Based on the experience I gained from building my lawn irrigation system, I chose tried and tested components for the hedge irrigation system: Solenoid valves from Hunter and built-in parts from Rain Bird.
The entire irrigation process was automated by my Hunter X-Core irrigation computer, which allowed for precise and on-demand watering.
This system allowed me to fully automate the watering of the hedge, promoting the health and growth of the plants without the need for daily manual effort.
The hedge is not growing – lack of water and light
The western part of my hedge developed beautifully as it was in the sun all day. Full sunlight and unhindered access to rainwater contributed significantly to this success.
The thujas stood completely free, which meant that light and water could reach the plants without barriers.
It is ideal for thujas to receive around six to eight hours of direct sunlight per day. With this amount of light, they develop a dense and vivid green coloration of their needles.
In terms of water supply, I found that regular watering is crucial, especially during dry periods. In summer, I watered the thujas in the western part of the hedge twice a week.
I made sure that the soil was deeply moistened, which corresponds to about 10-15 liters of water per plant.
The eastern part of the hedge under the 30-meter-high beech trees and the black pine, on the other hand, grew rather sparsely.
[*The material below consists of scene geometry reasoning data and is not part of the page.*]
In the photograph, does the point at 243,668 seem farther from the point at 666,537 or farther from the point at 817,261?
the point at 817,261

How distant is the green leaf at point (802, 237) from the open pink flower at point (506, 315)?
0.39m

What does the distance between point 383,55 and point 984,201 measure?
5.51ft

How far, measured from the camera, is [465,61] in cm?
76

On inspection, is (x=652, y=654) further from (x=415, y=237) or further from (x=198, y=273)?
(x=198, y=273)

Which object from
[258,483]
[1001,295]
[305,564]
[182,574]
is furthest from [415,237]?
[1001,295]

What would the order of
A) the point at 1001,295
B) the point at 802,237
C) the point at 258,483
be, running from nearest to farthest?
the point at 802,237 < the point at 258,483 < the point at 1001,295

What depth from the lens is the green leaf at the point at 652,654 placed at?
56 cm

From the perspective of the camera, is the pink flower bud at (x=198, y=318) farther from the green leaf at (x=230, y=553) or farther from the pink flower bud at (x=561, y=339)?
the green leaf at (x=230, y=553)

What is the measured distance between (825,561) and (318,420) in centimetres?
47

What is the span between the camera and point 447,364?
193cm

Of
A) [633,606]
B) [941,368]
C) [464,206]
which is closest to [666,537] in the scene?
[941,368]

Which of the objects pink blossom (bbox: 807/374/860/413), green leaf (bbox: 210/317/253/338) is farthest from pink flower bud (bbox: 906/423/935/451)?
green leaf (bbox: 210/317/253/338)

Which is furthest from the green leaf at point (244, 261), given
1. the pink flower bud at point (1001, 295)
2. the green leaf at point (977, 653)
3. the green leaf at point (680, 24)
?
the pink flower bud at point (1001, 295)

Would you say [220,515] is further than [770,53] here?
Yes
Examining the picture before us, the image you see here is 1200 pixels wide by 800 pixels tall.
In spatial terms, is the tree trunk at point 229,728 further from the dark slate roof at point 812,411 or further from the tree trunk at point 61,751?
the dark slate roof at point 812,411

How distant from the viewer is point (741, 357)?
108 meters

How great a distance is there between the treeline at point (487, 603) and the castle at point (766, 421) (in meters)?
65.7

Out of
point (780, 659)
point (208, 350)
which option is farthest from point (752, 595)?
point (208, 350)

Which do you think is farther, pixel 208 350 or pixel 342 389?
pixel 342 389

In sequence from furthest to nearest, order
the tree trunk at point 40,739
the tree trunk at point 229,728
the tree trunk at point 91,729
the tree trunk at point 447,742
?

The large trees towered over the hedge and shielded it almost completely, so there was a distinct lack of light.
In this shady area, it would have been better to water the thujas less frequently but more selectively to take account of the reduced evaporation.
Here it was usually sufficient to water once a week, as the soil moisture was retained for longer.
The lack of light and water in combination with the competition from the roots of the large trees made this location suboptimal.
Even the regular addition of fertilizer could not improve the conditions, as the basic requirements for light and water were not met.
For future plantings, I would recommend planting Thuja Smaragd in areas that receive more light or at least ensure that sufficient water is available even in shady conditions.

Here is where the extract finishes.